This lesson is in the early stages of development (Alpha version)

The Unix Shell

Overview

Teaching: 60 min
Exercises: 15 min
Questions
  • What is a command shell and why would I use one?

  • How can I move around on my computer?

  • How can I see what files and directories I have?

  • How can I specify the location of a file or directory on my computer?

  • How can I create, copy, and delete files and directories?

  • How can I edit files?

Objectives
  • Explain how the shell relates to users’ programs.

  • Explain when and why command-line interfaces should be used instead of graphical interfaces.

  • Construct absolute and relative paths that identify specific files and directories.

  • Demonstrate the use of tab completion and explain its advantages.

  • Create a directory hierarchy that matches a given diagram.

  • Create files in the directory hierarchy using an editor or by copying and renaming existing files.

  • Delete, copy, and move specified files and/or directories.

Contents

  1. Introducing the Shell
  2. Working with files and directories
  3. History
  4. Glossary of terms

Introducing the Shell

Back to top

Motivation

Back to top

Usually you move around your computer and run programs through graphical user interfaces (GUIs). For example, Finder for Mac and Explorer for Windows. These GUIs are convenient because you can use your mouse to navigate to different folders and open different files. However, there are some things you simply can’t do from these GUIs.

The Unix Shell (or the command line) allows you to do everything you would do through Finder/Explorer, and a lot more. But it’s so scary! I thought so at first, too. Since then, I’ve learned that it’s just another way to navigate your computer and run programs, and it can be super useful for your work. For instance, you can use it to combine existing tools into a pipeline to automate analyses, you can write a script to do things for you and improve reproducibility, you can interact with remote machines and supercomputers that are far away from you, and sometimes it’s the only option for the program you want to run.

We’re going to use it to:

  1. Organize our R code and plots from the R plotting lesson.
  2. Perform version control using git during the rest of the workshop.

What the Shell looks like

Back to top

When you open up the terminal for the first time, it can look pretty scary - it’s basically just a blank screen. Don’t worry - we’ll take you through how to use it step by step.

The first line of the shell shows a prompt - the shell is waiting for an input. When you’re following along in the lesson, don’t type the prompt when typing commands. To make the prompt the same for all of us, run these commands:

PS1_A=$PS1
PS1='$ '
#PS1=$PS1_A # Remove the leading "#" and execute this line to restore your original prompt.

Tree Structure

Back to top

The first thing we need to learn when using the shell is how to get around our computer. The shell folder (directory) structure is the same file structure as you’re used to. We call the way that different directories are nested the “directory tree”. You start at the root directory (/) and you can move “up” and “down” the tree. Here’s an example:

Directory Tree

Now that we understand directory trees a bit, let’s check it out from the command line. We can see where we are by using the command pwd which stands for “print working directory”, or the directory we are currently in:

pwd
/home/USERNAME/

Congrats! You just ran your first command from the command line. The output is a file path to a location (a directory) on your computer.
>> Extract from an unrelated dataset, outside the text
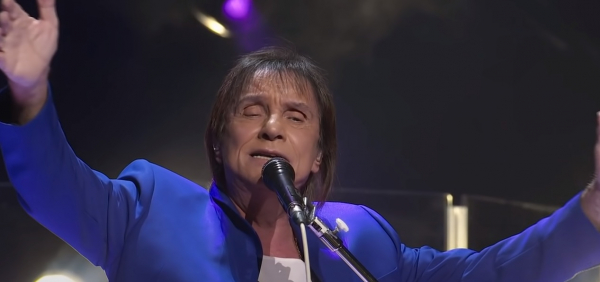 Roberto Carlos completa 80 anos nesta segunda-feira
The output will look a little different depending on what operating system you’re using:

Let’s check to see what’s in your home directory using the ls command, which lists all of the files in your working directory:

ls
Desktop     Downloads   Movies      Pictures
Documents   Library     Music       Public

You should see some files and directories you’re familiar with such as Documents and Desktop.

If you make a typo, don’t worry. If the shell can’t find a command you type, it will show you a helpful error message.

ks
ks: command not found

This error message tells us the command we tried to run, ks, is not a command that is recognized, letting us know we might have made a mistake when typing.

If you ever want to cancel a command and get a fresh prompt, you can hold your control key and hit c. control-c is also how you can stop a running program.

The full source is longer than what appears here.